The Diplomatic Immunity Universe

It's the far future and mankind has spread out widely from Earth, thanks to the discovery of a method of faster-than-light travel over a thousand years ago. So far no one has met any living representatives of other intelligent species, although explorers have discovered the ruins of alien civilisations.

Politically the galaxy is extremely fragmented. It is not uncommon for a populated planet to contain several competing nation states, and even the biggest empires are contained within single star systems. Communications between systems take place at the speed of spaceship travel. There is no galactic equivalent of the UN.

Trading between star systems is controlled by various galactic banking organisations, which are generally run from off-planet. The banks also act as a kind of galactic passport control. If you want to take a spaceship to a civilised system and be allowed onto the surface when you get there, then the ship pretty much has to be sponsored by a bank that has dealings with the local power. There are of course plenty of uncivilised systems to which you can travel.

Getting to work for a bank is the best way to get to travel the galaxy and is also supposed to be very lucrative. Banks are not short of applicants for jobs.

Space travel is made economically possible by two technologies: the hyperspace drive and the teleport. Teleport is used to get things from ship to surface and vice versa, and also for high speed surface travel on some planets. Most don't allow it to be used close enough to centres of population to be practical, as the technology is somewhat unstable. It does not work over long enough ranges to be used between planets.
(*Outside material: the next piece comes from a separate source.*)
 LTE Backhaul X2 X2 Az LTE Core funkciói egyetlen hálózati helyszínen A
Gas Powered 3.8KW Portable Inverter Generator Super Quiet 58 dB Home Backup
Teleport requires large amounts of infrastructure at both ends. Practically all spaceships have a teleport station on board. Civilised planets tend to have a few large teleport complexes, situated a safe distance away from any cities, through which everything going to or from a spaceship has to pass.
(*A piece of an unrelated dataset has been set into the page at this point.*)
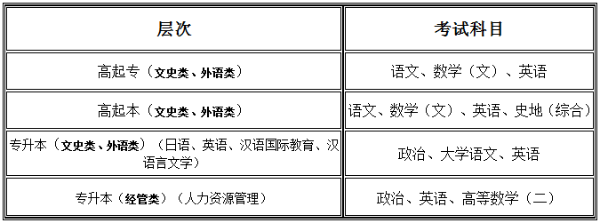 北京语言大学成人高等学历教育2020年招生问答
Once you're in orbit you get between systems by using hyperdrive engines. The physics behind these is understood by relatively few people. You can plot a hyperspace course to your destination based on the known characteristics of your particular hyperdrive, but you can never be sure exactly where you'll come out. Most pilots rely on well known, preprogrammed courses. New, efficient courses are very hard to work out (and vary for each type of hyperdrive). Get a new course wrong, or even be slightly unlucky, and you'll never be seen again. New, efficient, or otherwise special routes are therefore valuable secrets to have. Some hyperdrive designs are more accurate and therefore easier to navigate with (or at least there's more data available on their idiosyncrasies) than others. Also some hyperspace physicists have the skill to plot faster courses than others. One good thing about hyperspace travel is that you don't experience time spent in hyperspace, so travel seems instantaneous even though it's not. The exact time taken can't be predicted in advance for a new route.
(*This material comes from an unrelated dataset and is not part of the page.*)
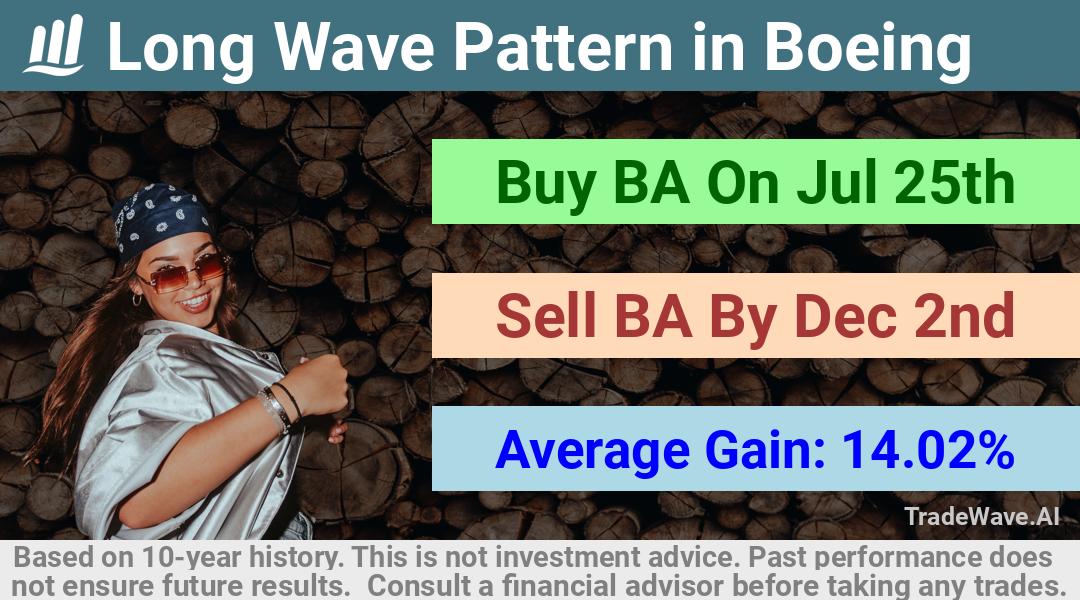 trade seasonals is a Seasonal Analytics Environment that helps inestors and traders find and analyze patterns based on time of the year. this is done by testing a date range for a financial instrument. Algoirthm also finds the top 10 opportunities daily. tradewave.ai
Hyperspace navigation is an art even with a well-understood hyperdrive. All other things being equal, the longer you're prepared to allow the journey to take, the more accurate the end position will be and vice versa. The presence of strong gravitational fields in the places you enter and exit hyperspace also affects accuracy, so sensible people try to do this well away from planets. This has the effect that all inter-system journeys appear to the travellers to take about the same amount of time from end to end: a couple of days. Several organisations have active research programmes into hyperspace travel with endpoints on planetary surfaces. So far none of the volunteers who tested these drives has ever been seen again.

Spaceships tend to be physically large as they have to contain all of the technology for hyperdrives and teleports. They obviously have to be constructed in orbit and this requires complicated facilities, so most systems don't have a local shipbuilder. This makes them extremely expensive commodities. However, ships last for a very long time if carefully looked after.

The PCs want to get off planet for some reason: to see the Universe, to avoid debt collectors, to get over a tragic love affair...the usual sort of stuff. They have filled in the application form for the Vega Trading Company's annual recruitment exercise, and after a long and competitive selection procedure have been accepted. The PCs clearly all have something the VTC's HR department wanted; whether it was useful skills, valuable assets, or simply the return of certain photographic negatives is up to the individual player. Now they are about to get their first assignment and go outside their home system for the very first time.